**GOAL OF THE EXERCISE**:
Repeat the lines of the data exactly and exclude any picture among them.

**GIVEN INFORMATION**:
[Start of Attachment]
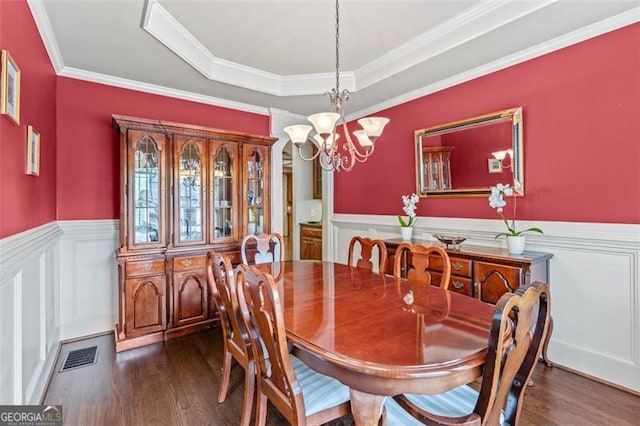 9065 Yellow Pine Ct, Gainesville, GA 30506 - dining area featuring dark wood-style flooring, wainscoting, a chandelier, a decorative wall, and a raised ceiling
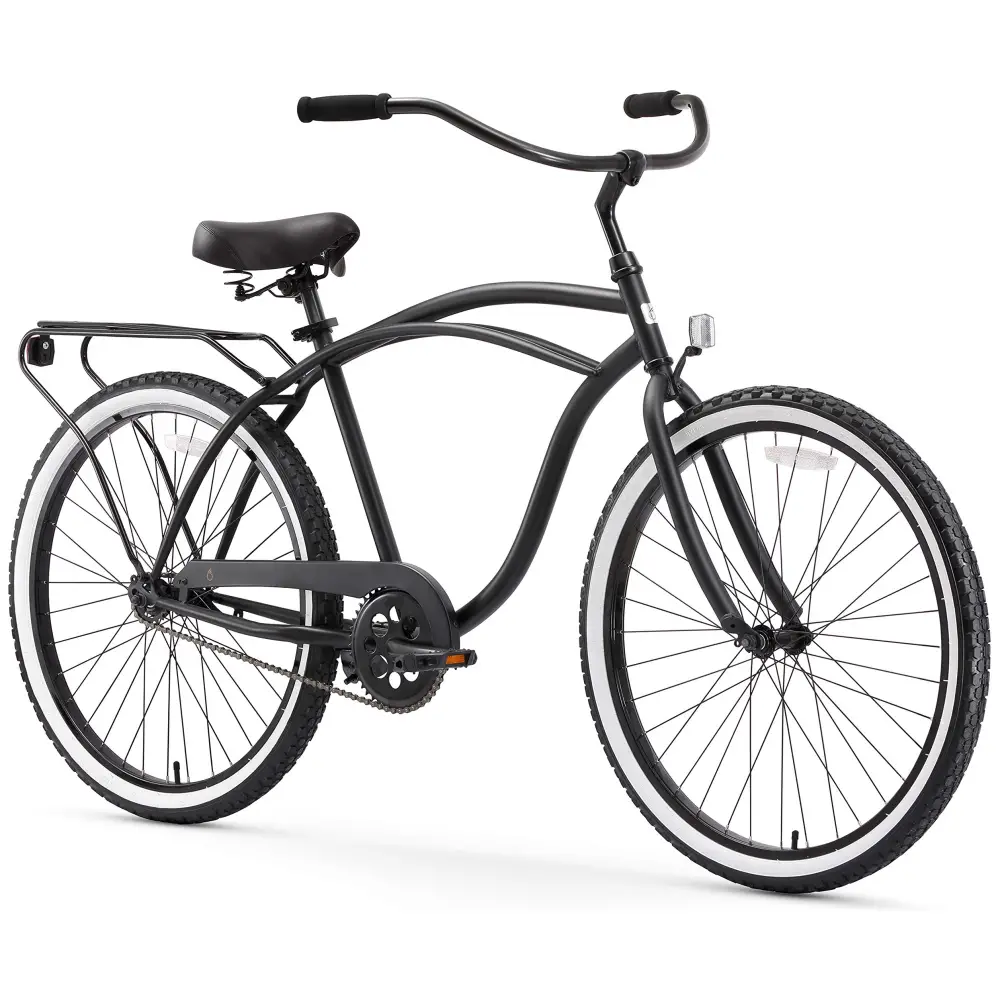A black cruiser bicycle isolated on a white background.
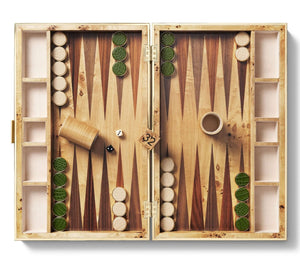 The Aerin Croc Leather Backgammon Set features an open board with checkers, dice, a 32 doubling cube, and two dice cups on a wooden surface, all in a luxurious Italian leather crocodile finish.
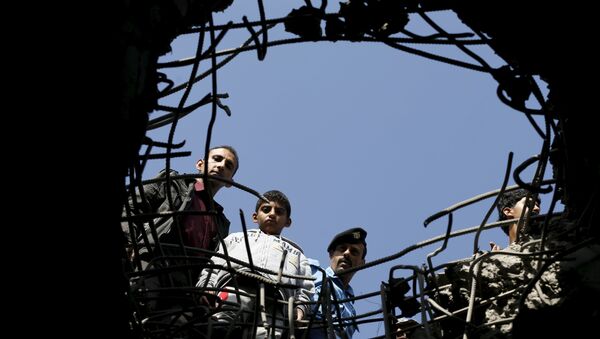 People and a policeman look through a hole caused by a Saudi-led air strike on a bridge in Yemen's capital Sanaa - Sputnik Afrique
[End of Attachment]
**RESULT FOR THIS TASK**:
 9065 Yellow Pine Ct, Gainesville, GA 30506 - dining area featuring dark wood-style flooring, wainscoting, a chandelier, a decorative wall, and a raised ceiling
A black cruiser bicycle isolated on a white background.
 The Aerin Croc Leather Backgammon Set features an open board with checkers, dice, a 32 doubling cube, and two dice cups on a wooden surface, all in a luxurious Italian leather crocodile finish.
 People and a policeman look through a hole caused by a Saudi-led air strike on a bridge in Yemen's capital Sanaa - Sputnik Afrique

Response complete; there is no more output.